Civil Rights Report of 1959
After the commission assembled the necessary staff to begin their work, they had a little over one year to complete their research and submit a report to the president and Congress. Through the course of the next year, the commission traveled around the country holding hearings on voting rights infringements, housing discrimination, and school segregation.
The commission conducted interviews and prepared to hold hearings. As most of the complaints they received regarded voting rights violations in the South, they traveled to Alabama, Mississippi, Florida, Tennessee, and Louisiana. African-American witnesses in these states testified about the many ways in which they were prevented from registering to vote. They were given incorrect information regarding where to register, had to wait in lines for hours, fill out long and complicated forms, had to find two registered voters to vouch for them, even if they could prove age and citizenship, were harassed, were threatened with or became victims of violence. White witnesses, who were called before the commission to speak, were often uncooperative, denying any form of prejudice or misconduct.

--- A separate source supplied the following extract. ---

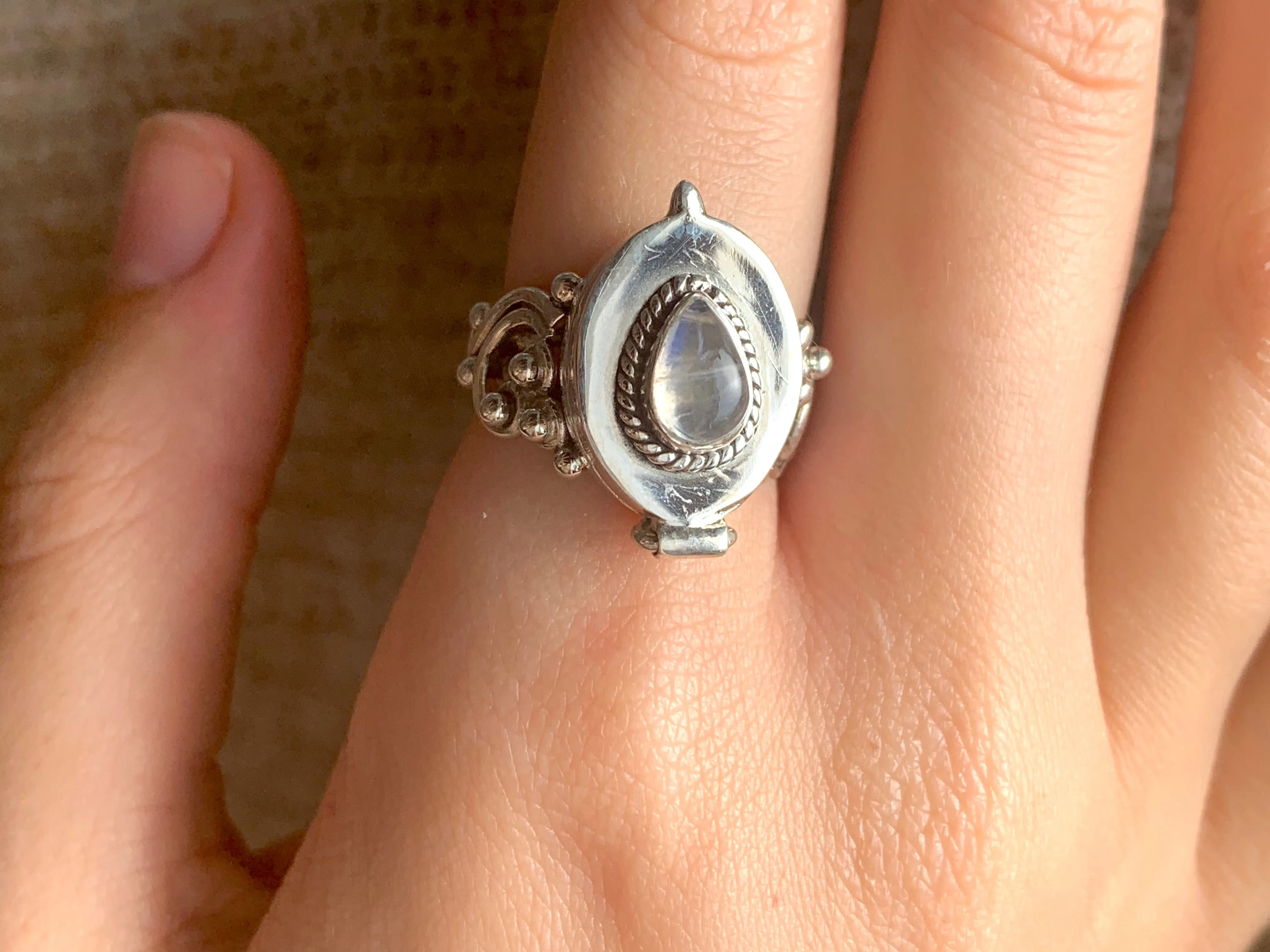 Moonstone Poison Ring - Oval / Teardrop (US 10)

In 1954, in the famous case of Brown v. Board of Education, the Supreme Court determined that state laws were unconstitutional that provided separate public schools for black and white students. As the commission researched the state of public education in the South, they found that six southern states remained entirely segregated, and of the other southern states beginning to integrate their schools, progress was very slow. The commission held a conference in Nashville, Tennessee to discuss desegregation among the schools open to change. Cities and school districts making notable progress shared their successes and admitted the hardships in achieving it. Desegregation would require cooperation among various groups involved with education in a community—school boards, teachers, and parents—and a clear plan with open communication along every step of the way. The press would play an important role as well.
Complaints of housing discrimination took the commission to New York, Chicago, and Atlanta, where they held investigations and hearings. Only four states (Colorado, Connecticut, Massachusetts, and Oregon) and two cities (New York and Pittsburgh) had anti-discrimination laws in place with regards to the rental and sale of private and public housing. Most of the African-American population in Chicago and Atlanta, as in almost every other city, was limited to substandard housing in often congested areas.
Writing the Report
Knowing the scale of the task before them, the commission members and staff began drafting the report as soon as their work began in 1958. They opened the report with the history of civil rights in America. Then they organized their findings into three chapters—voting, public education, and housing—each beginning with a background history. Each chapter included recommendations, which they would vote on. It was clear that all of the commissioners were in agreement about the significant harm done to African-Americans throughout history and nearly all agreed on the need for federal action to uphold their rights as citizens.
There was space for individual voices and differing opinions throughout the report. These appeared at the end of each recommendation, where appropriate, or in footnotes, and the very end of the report included general statements by the commissioners. But the commissioners agreed that it was important to present a largely unified report. The commission was largely in agreement over solutions to voting rights, but there was more division with regards to public education and housing recommendations. In those areas, the commission admitted there was still much to be learned and rather than suggesting any sort of concrete changes, they recommended further research be done.
The Final Draft
One hot July day in 1959, when the commission was being prevented from holding hearings in Louisiana and had to prepare their final report for President Eisenhower and Congress, Father Hesburgh decided to suggest a much needed change of scenery. He arranged for all of them to fly to Land O’Lakes, Wisconsin, where the University owned 8,000 acres of land with 27 lakes. Father Hesburgh recalled,
Aboard the plane we settled right down to work on our final report. Hannah and the other commissioners huddled up in the front of the airplane. The staff members and I went to the back and started formulating the final resolutions, which would be the heart of the report. Our preliminary findings and conclusions already had been written in the cities where we had held the hearings.
In the evening, after working on the final recommendations for their report while on the plane, Father Hesburgh and the staff brought out the 12 recommendations to vote. Eleven of the 12 passed unanimously and one passed five to one. The commission officially submitted their final report in September of 1959.
The Country’s Reaction
President Eisenhower was shocked by the nearly unanimous vote on the recommendations in the report. Father Hesburgh recalled, “I told Ike that he had not appointed just Republicans and Democrats or Northerners and Southerners, he had appointed six fishermen. I told him about Land O’Lakes and he commented, ‘We’ve got to put more fishermen on commissions and have more reports written at Land O’Lakes, Wisconsin.’”
Predictably, the report received mixed reviews. As a New York Times article stated, “worthy of serious consideration by all men of good will.” In another editor from the Richmond News Leader, it was considered “a work of propaganda, conceived by modern-day abolitionists, and published with all the zeal of the intolerant tent evangelist.”